Israeli troops have admitted to being ordered to shoot to kill "anyone who enters" a so-called "kill zone" in central Gaza, including children.
Other IDF whistleblowers have described orders to open fire on Gazan civilians including children with live bullets and artillery at aid distribution centers.
“We’re killing their wives, their children, their cats, their dogs," one IDF officer said earlier this year. "We’re destroying their houses and pissing on their graves.”
One IDF soldier even boasted online about how "fun" it is to kill Palestinian children, while another is heard saying in a video uploaded to social media that “we are looking for babies, but there are no babies left"—so instead "I killed a girl that was 12."
Yet another IDF soldier proudly claimed: “I just went to Gaza, and there were two little girls playing football. So, what did I do? I took my weapon and shot them in the head.”
Operating under loosened rules of engagement that effectively permit the killing of an unlimited number of civilians when targeting even a single low-ranking Hamas member, Israeli troops have killed more than 20,000 Palestinian children and disabled over 21,000 others in Gaza since October 2023, according to Gaza officials, United Nations agencies, and international humanitarian groups.
The use of artificial intelligence to rapidly select targets, as well as dropping fragmentation, incendiary, and 1,000- and 2,000-pound bombs—many supplied by the US—has exacerbated the civilian casualty crisis and contributed to an unprecedented surge in amputations, often performed without anesthesia.
So many wounded Gazan children have also been orphaned that medical professionals have coined a grim new acronym to describe them: WCNSF—wounded child, no surviving family.
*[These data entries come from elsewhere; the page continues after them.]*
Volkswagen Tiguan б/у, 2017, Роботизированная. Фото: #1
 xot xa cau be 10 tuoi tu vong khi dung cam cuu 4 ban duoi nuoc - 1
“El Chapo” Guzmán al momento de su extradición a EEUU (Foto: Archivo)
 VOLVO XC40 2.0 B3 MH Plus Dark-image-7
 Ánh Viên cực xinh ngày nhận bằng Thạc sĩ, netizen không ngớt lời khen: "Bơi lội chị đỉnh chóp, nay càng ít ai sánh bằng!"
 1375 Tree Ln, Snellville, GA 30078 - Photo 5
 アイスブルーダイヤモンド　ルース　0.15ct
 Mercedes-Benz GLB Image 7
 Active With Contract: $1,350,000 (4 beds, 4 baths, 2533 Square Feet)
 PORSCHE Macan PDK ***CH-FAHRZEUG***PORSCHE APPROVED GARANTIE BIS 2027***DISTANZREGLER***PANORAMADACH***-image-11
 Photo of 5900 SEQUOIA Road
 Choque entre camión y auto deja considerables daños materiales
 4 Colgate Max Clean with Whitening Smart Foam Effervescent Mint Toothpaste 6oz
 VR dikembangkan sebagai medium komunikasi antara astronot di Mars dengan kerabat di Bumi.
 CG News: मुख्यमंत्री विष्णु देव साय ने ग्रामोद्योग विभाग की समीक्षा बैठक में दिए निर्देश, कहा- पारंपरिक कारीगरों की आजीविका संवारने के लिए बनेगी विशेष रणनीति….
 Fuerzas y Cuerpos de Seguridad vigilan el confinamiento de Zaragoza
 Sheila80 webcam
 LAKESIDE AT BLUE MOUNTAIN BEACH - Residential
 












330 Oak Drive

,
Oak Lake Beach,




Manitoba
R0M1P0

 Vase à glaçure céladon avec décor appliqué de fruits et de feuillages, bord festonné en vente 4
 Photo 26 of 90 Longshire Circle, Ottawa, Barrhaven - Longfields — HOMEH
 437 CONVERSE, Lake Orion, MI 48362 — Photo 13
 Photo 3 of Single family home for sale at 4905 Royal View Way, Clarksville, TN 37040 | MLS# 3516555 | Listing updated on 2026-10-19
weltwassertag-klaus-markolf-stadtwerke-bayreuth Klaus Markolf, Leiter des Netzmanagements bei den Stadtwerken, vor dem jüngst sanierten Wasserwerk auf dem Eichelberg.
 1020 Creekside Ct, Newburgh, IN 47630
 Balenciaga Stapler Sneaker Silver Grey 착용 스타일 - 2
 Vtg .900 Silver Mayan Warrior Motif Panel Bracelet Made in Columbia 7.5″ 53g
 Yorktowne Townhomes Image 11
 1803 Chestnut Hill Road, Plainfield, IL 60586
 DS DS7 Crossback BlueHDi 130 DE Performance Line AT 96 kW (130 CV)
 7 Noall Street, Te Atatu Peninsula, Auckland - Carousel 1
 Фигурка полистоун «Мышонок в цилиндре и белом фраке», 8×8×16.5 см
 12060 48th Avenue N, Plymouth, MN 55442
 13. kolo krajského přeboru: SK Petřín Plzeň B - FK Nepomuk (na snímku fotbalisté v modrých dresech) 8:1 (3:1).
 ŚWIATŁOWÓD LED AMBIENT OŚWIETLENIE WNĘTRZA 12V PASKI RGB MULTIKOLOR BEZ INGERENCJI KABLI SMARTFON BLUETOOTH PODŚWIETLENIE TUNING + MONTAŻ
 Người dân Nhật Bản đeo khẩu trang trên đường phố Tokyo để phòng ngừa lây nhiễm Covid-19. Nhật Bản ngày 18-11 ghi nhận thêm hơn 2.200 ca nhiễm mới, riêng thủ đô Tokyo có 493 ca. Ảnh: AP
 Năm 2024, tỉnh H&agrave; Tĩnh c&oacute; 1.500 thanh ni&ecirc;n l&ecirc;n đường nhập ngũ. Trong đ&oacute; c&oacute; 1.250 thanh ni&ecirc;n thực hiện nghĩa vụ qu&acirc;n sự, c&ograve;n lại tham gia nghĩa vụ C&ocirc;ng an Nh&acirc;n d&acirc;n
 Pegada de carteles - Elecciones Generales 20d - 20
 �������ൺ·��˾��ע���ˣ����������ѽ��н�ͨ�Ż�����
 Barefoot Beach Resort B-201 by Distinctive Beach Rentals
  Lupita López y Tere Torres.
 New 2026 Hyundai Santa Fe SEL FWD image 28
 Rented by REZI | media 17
According to Gaza and United Nations officials, more than 1,500 medical professionals have also been killed in Gaza since October 2023, many of them while working, including the paramedics who were killed while trying to rescue Hind Rajab, a 5-year-old girl massacred along with six relatives while trying to flee to safety last year.
Hundreds of thousands of Palestinian children are also being deliberately starved in a US-backed Israeli war of conquest and occupation that is increasingly viewed by the world as genocidal, and that has left at least 238,500 Gazans dead, maimed, or missing. Last week, former IDF Chief of Staff Herzi Halevi acknowledged that Israel has killed or wounded 10% of Gaza's pre-war population of approximately 2.2 million.
Early in the war, the United Nations Children’s Fund (UNICEF) called Gaza “the world’s most dangerous place to be a child.” Last year, United Nations Secretary-General António Guterres for the first time added Israel to his so-called “List of Shame” of countries that kill and injure children during wars and other armed conflicts.